**Records supplied:**
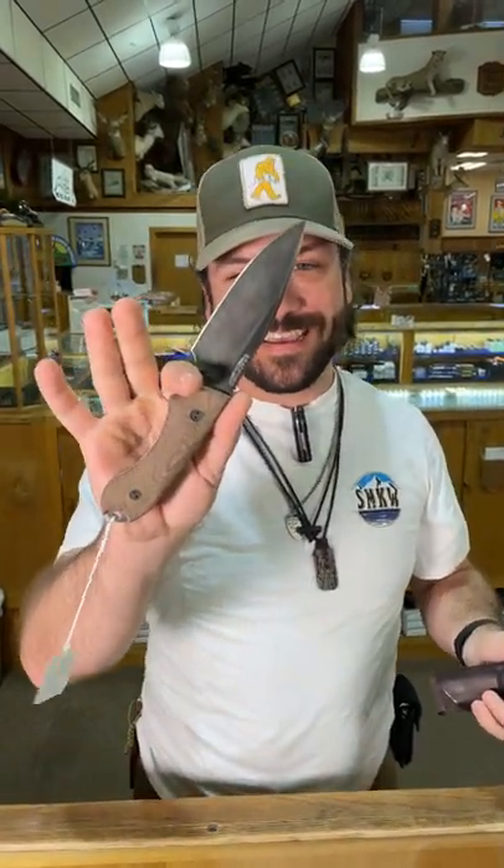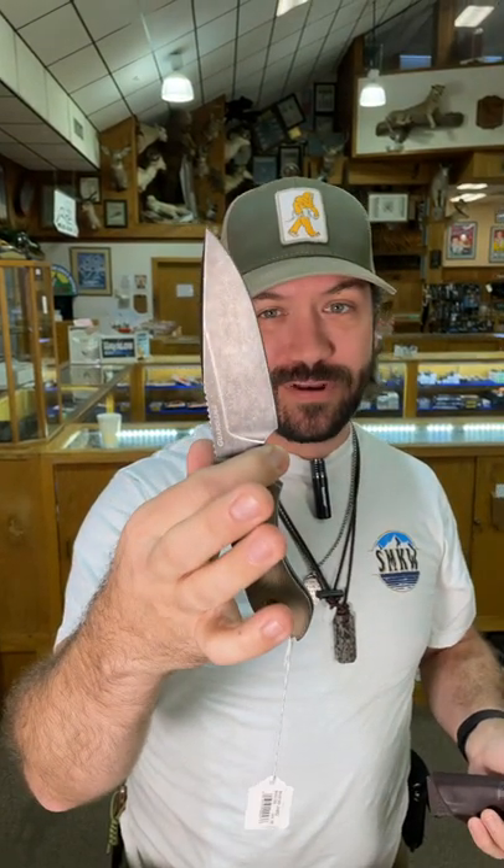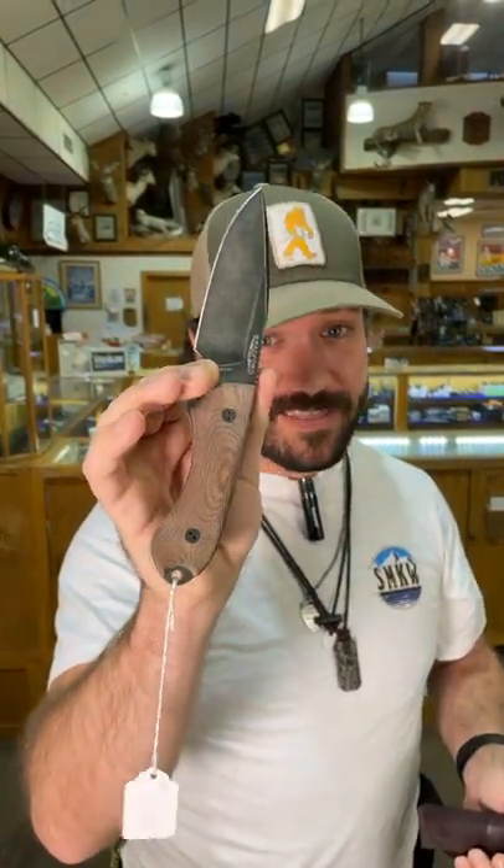What is happening everybody, we are back at the Daily Grind and today we've got a brand new knife from Bradford for you. This is the Guardian 4 and this thing is beautiful — they make incredible knives. This is a full tang fixed blade, four inches on that blade, M390 blade steel, and beautiful canvas micarta handles.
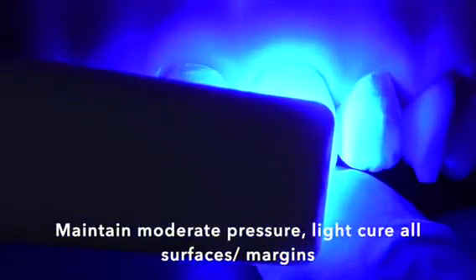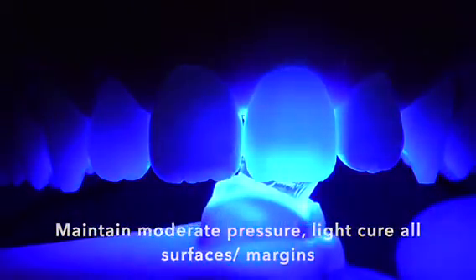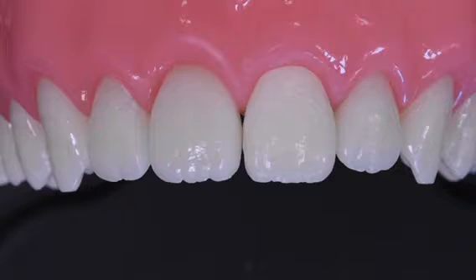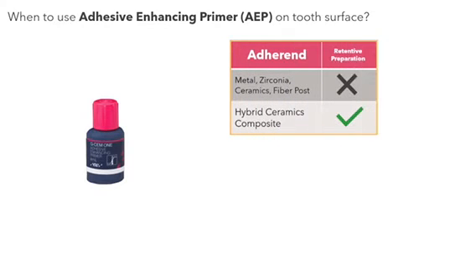Continue to maintain moderate pressure and do full cure on all surfaces and margins. This table shows you when to use the adhesive enhancing primer on tooth surface for different clinical situations.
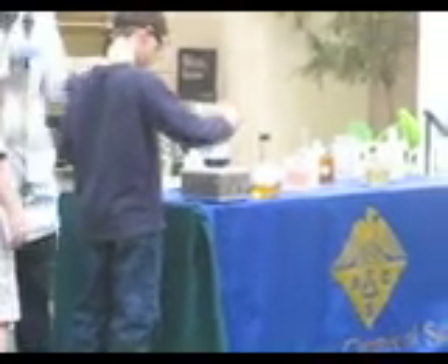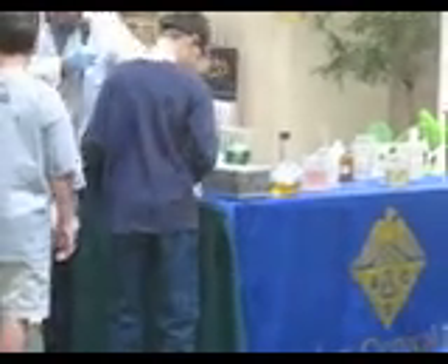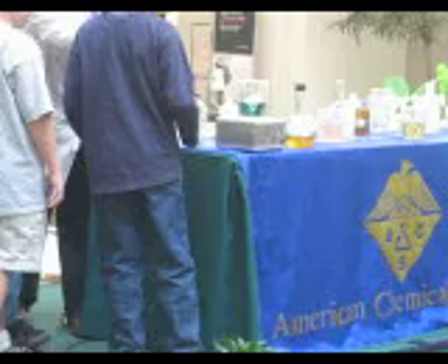Go ahead and pour that yellow into that blue and we'll see it turn green. Well, wait, it's not green anymore. What's it now? It's greenish-yellow.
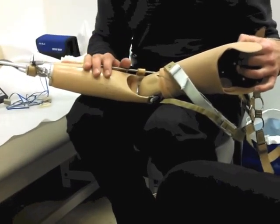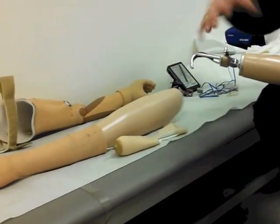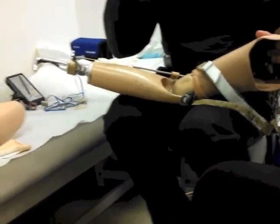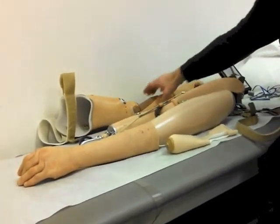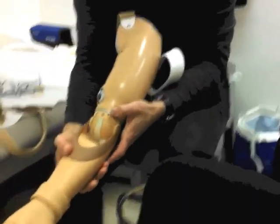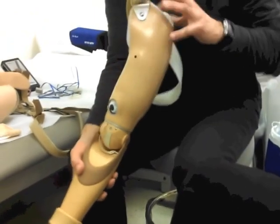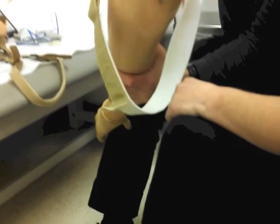It's a prosthesis that works off of basically a muscle — when you fire the muscle, it activates the elbow, the hand, and the wrist. There's a little button here and it just powers it on, and this is already powered up. There are two electrodes inside here, and I have the myotester here — I can check you a little bit.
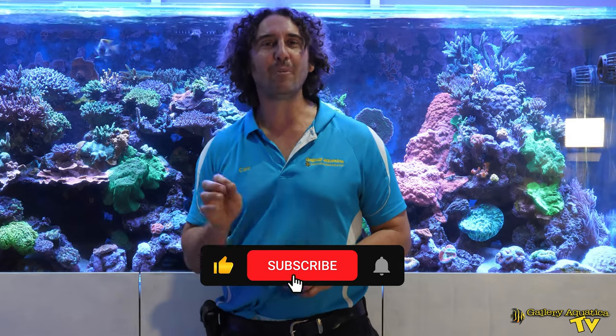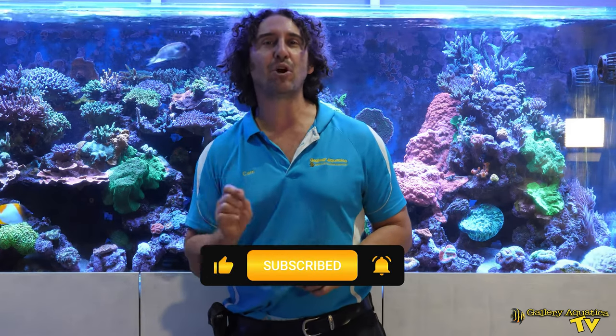That's it for today's fish feature on the Cleaner Wrasse. Hopefully you've learned a little something about this interesting fish. Thank you so much for watching. I'm Cam the Fish Guy — happy reefing! Don't forget to like and comment on all our videos and subscribe to our channel. Stay tuned to Gallery Aquatica TV for more exciting episodes to come.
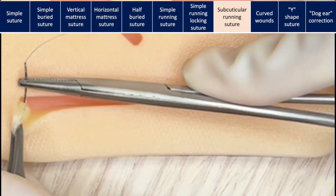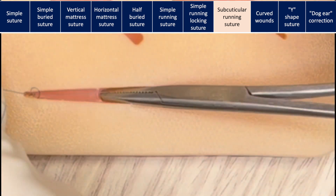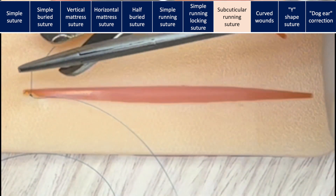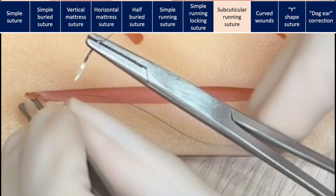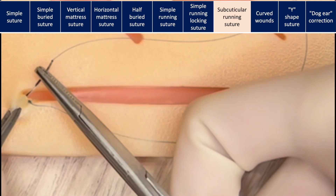This is the subcuticular running suture. If you use an absorbable suture, you can start by burying the knot. You will go deep in the corner, away from the skin, and do your instrument tie. This allows the knot to be buried. With the knot deep, you're going to go deep and then superficial — that brings us right up to the corner, and this is where we're going to start our suture.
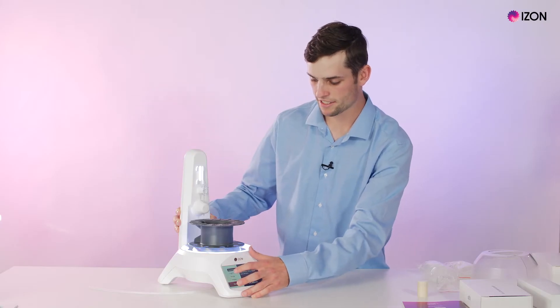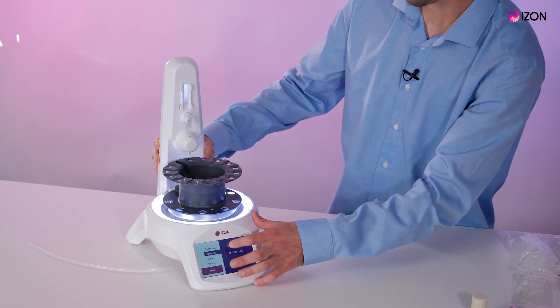We can then customize our lighting — we can either have the lighting on or off just by pushing the button.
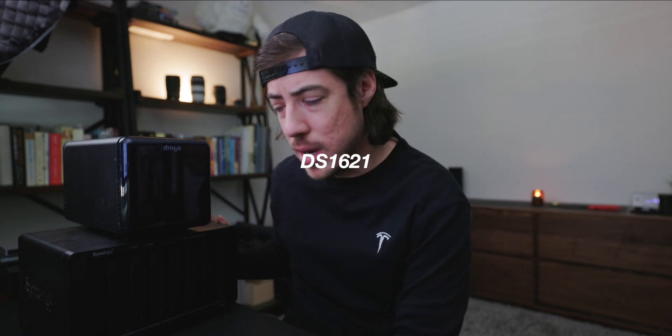I'm going to talk to you guys about what I've been using for backups for the last 10 years, which is this Drobo here, and why I recently just switched to the Synology — I think this is the DS1621+. I'll give you guys some general overview on what backup is, different ways to do backup, what's most cost-effective, what's going to help you be most successful, and why I chose this particular setup to maximize my ability to create.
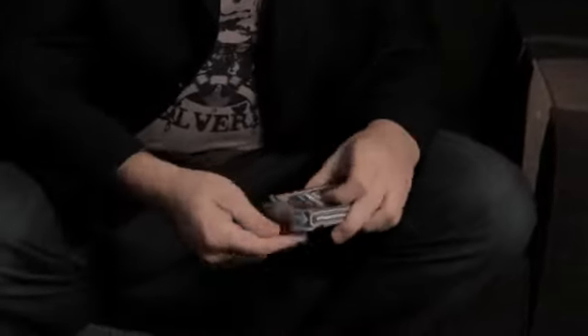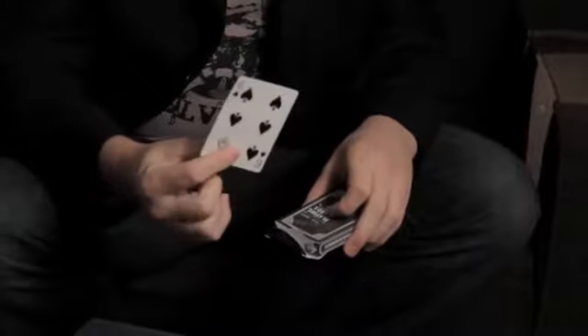You can go into any number of other techniques, such as producing that card from the box. Enjoy.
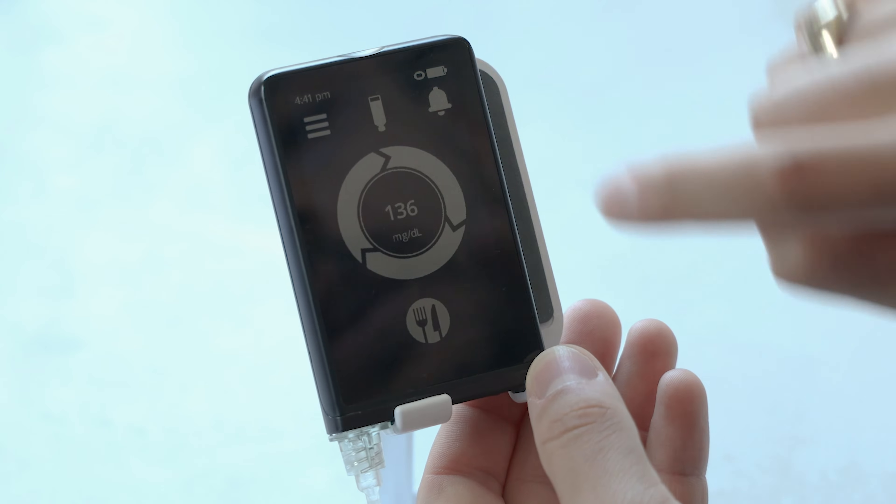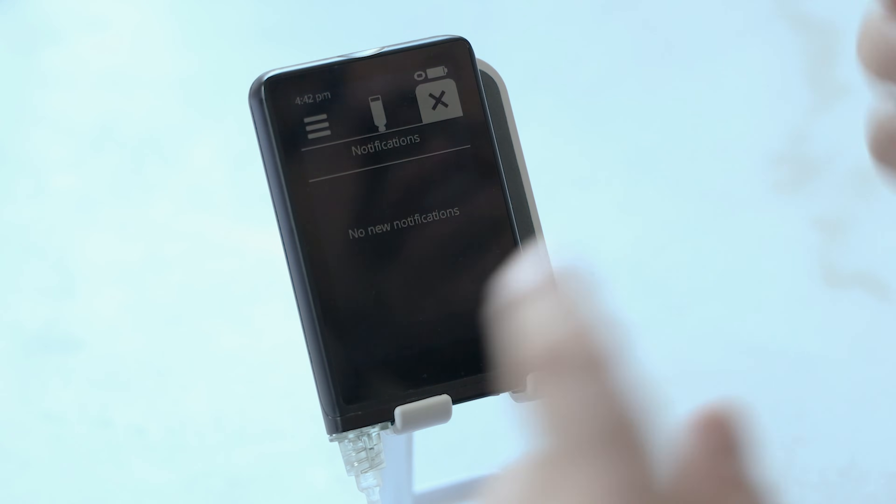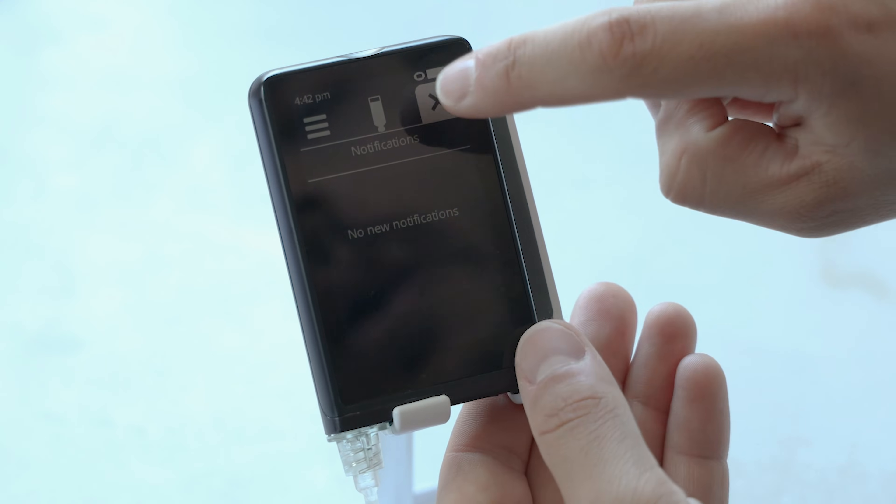I'm used to only knowing when it's 50 units or less — this one will show you pretty much from the start how many units are left in the vial. In the top right is the little bell icon. These are the notifications — if your battery's running low or other notifications, they'll show up here.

**What you are asked to do:**
Leave the pictures out and reproduce exactly the lines from the top of the listing above through the line with "Continue to maintain".

**Exercise solution:**
What is happening everybody, we are back at the Daily Grind and today we've got a brand new knife from Bradford for you. This is the Guardian 4 and this thing is beautiful — they make incredible knives. This is a full tang fixed blade, four inches on that blade, M390 blade steel, and beautiful canvas micarta handles.
Continue to maintain moderate pressure and do full cure on all surfaces and margins. This table shows you when to use the adhesive enhancing primer on tooth surface for different clinical situations.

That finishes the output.